Sejatinya saya mendapat tugas ke AS pada Maret (untuk keberangkatan akhir April ke Orlando). Berhubung masa berlaku paspor saya tinggal 6 bulan, maka sekalian saya buat paspor yang baru. Waktu wawancara paspor, petugas di imigrasi bertanya mau ke negara mana. Begitu dengar AS, dia langsung nyeletuk, “Katanya bisa lama, ya, Mas. Ada yang sampai satu tahun nunggu visa.”

Waktu itu saya tidak menggubris. Tidak percaya bahwa proses pembuatan visa bisa begitu lama. Sekarang saya bisa maklum pernyataan Pak Petugas itu.

***
Saya mendapat jadwal wawancara pertengahan April. Karena ada data yang kurang lengkap pada formulir DS-160, saya harus melengkapinya, dan akhirnya dapat jadwal wawancara empat hari kemudian.

Saat itu semua terasa baik-baik saja. Saya dapat kertas putih yang menunjukkan permohonan visa disetujui dan paspor dapat diambil antara 2-7 hari ke depan di kantor RPX. Ternyata sampai hari H, tujuh hari berlalu, tetap paspor belum ada di RPX. Selidik punya selidik saya kena apa yang disebut “pemeriksaan administrasi tambahan.”

Nah proses ini tidak bisa dipastikan kapan selesainya. Saya tidak perlu melakukan apa pun dan tidak perlu melengkapi dokumen apa pun. Benar-benar membingungkan.

Repotnya, ada penugasan lagi untuk pergi ke Las Vegas, awal Juni. Sampai saat itu pun belum ada kabar soal visa dan saya tidak bisa berbuat apa-apa.

***
Juli ada tugas untuk ke Jepang. Sementara paspor masih ‘tertahan’ di kedutaan AS. Saya harus meminjam paspor milik saya sendiri. Caranya dengan kirim email yang menjelaskan untuk apa dan kapan paspor itu digunakan. Proses ini lancar, cepat, dan mudah.

Sepulang dari Jepang ada momentum puasa dan lalu Lebaran. Saya sudah enggak ngarep lagi untuk dapat visa mengingat waktunya sudah lewat dari 100 hari, dan sistem pengecekan online berubah sehingga saya tidak bisa melakukan pengecekan mandiri.

***
Nah, pertengahan September saya kok ndilalah iseng mencoba kirim email lagi sekadar bertanya apakah masih berpeluang mendapat visa mengingat waktunya sudah begitu lama, sekalian bertanya apakah perlu mengembalikan paspor.
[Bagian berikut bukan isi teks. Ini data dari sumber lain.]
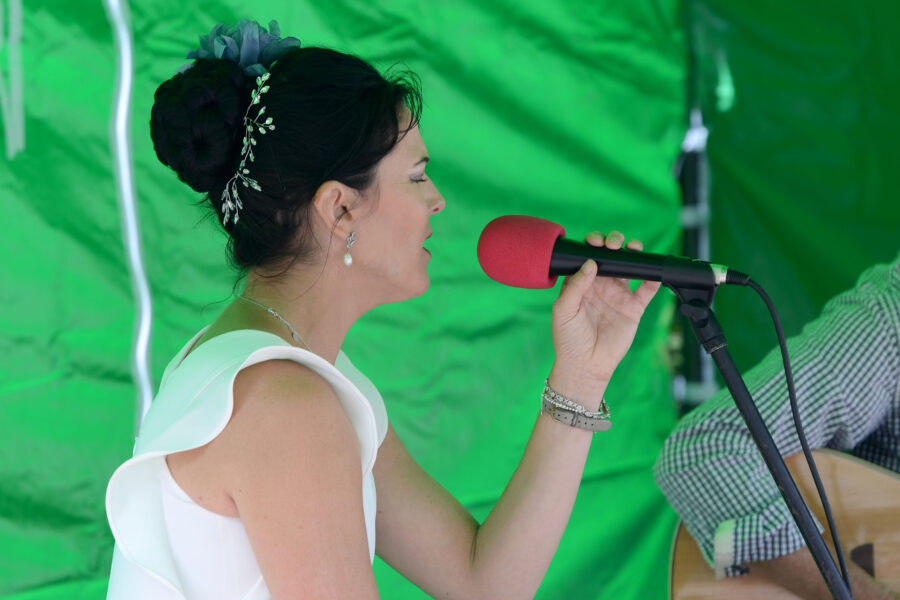 Steve Waters and Alex Oakes performing on New Street Corner at Honiton Market Charter Day 2025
Kali ini jawabannya luar biasa. Terkaget-kaget rasanya ketika muncul kalimat yang menyatakan “proses administrasi tambahan” atas nama saya sudah selesai. Saya diminta segera mengembalikan paspor ke RPX. Nah, titik cerah mulai muncul.

Pada kesempatan pertama paspor langsung saya bawa ke RPX. Lalu sepiii lagi. Seminggu kok tidak ada kabar apa-apa. Bukankah biasanya kalau paspor sudah bisa diambil kembali di RPX seorang pemohon visa mendapat notifikasi?
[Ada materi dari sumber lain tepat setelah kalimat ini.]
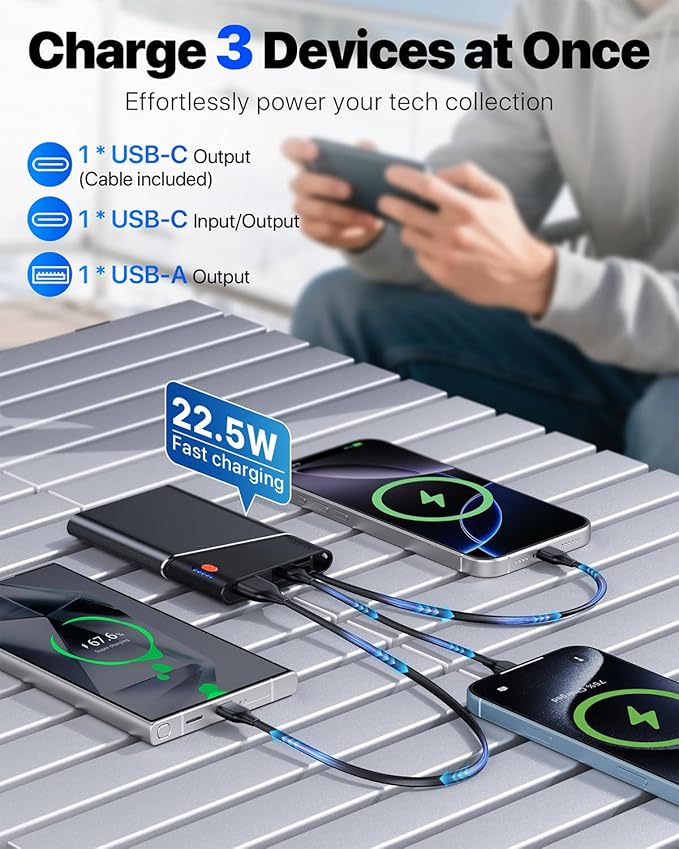Portable Charger Power Bank, 10000mAh 22.5W PD Super Fast Charging Powerbank with Built-in USB C in&Out Cable, Slim External Phone Battery Pack for iPhone 17/16/15 iPad Samsung S24 Android etc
Saya coba kirim email. Eh, ternyata jawabannya kembali mengejutkan: paspor sudah dikembalikan ke RPX dua hari sejak saya serahkan.

Waah, langsung, segera saja saya meluncur ke jalan raya Ciputat. Kalau biasanya saya nauk busway dan sambung metromini ke sana, kali ini saya naik taxi. Tidak sabar rasanya naik metromini yang banyak berhenti.
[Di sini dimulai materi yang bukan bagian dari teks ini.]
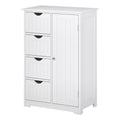 Armário Casa de Banho de Madeira Móvel Auxiliar Organizador Moderno de Madeira com 1 Armário e Gavetas 56x30x83 cm Branco — foto 1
Walaah, ternyata di RPX antre panjang, tidak seperti pekan sebelumnya waktu menyerahkan paspor. Ada sekitar 15 nomor di depan saya. Sebagian dilayani dengan lama karena kebetulan petugas yang biasanya ada di sana sedang tidak masuk. Nasib, nasib.

Bagaimana pun, akhirnya, semua itu tertebus ketika paspor sudah di tangan. Visa sudah benar-benar mewujud. Berlaku selama satu tahun (lumayan, nunggu setengah tahun berlaku satu tahun. Masih lebih lama masa berlaku daripada masa tunggunya, hehehe).

Ternyata, wujud fisik visa AS tidak seindah yang saya bayangkan. Wujudnya kalah menarik daripada visa Jepang yang mengkilap dan indah. Alhamdulillah penantian berakhir. Mudah-mudahan segera ada kesempatan menggunakan visa itu.

Mudah-mudahan cerita ini berguna bagi mereka yang mengurus visa AS, terutama yang prosesnya juga molor dan tertunda tanpa juntrung. Bisa menjadi pembanding bahwa sangat mungkin penantian memerlukanw aktu berbulan-bulan. Wallahu a’lam.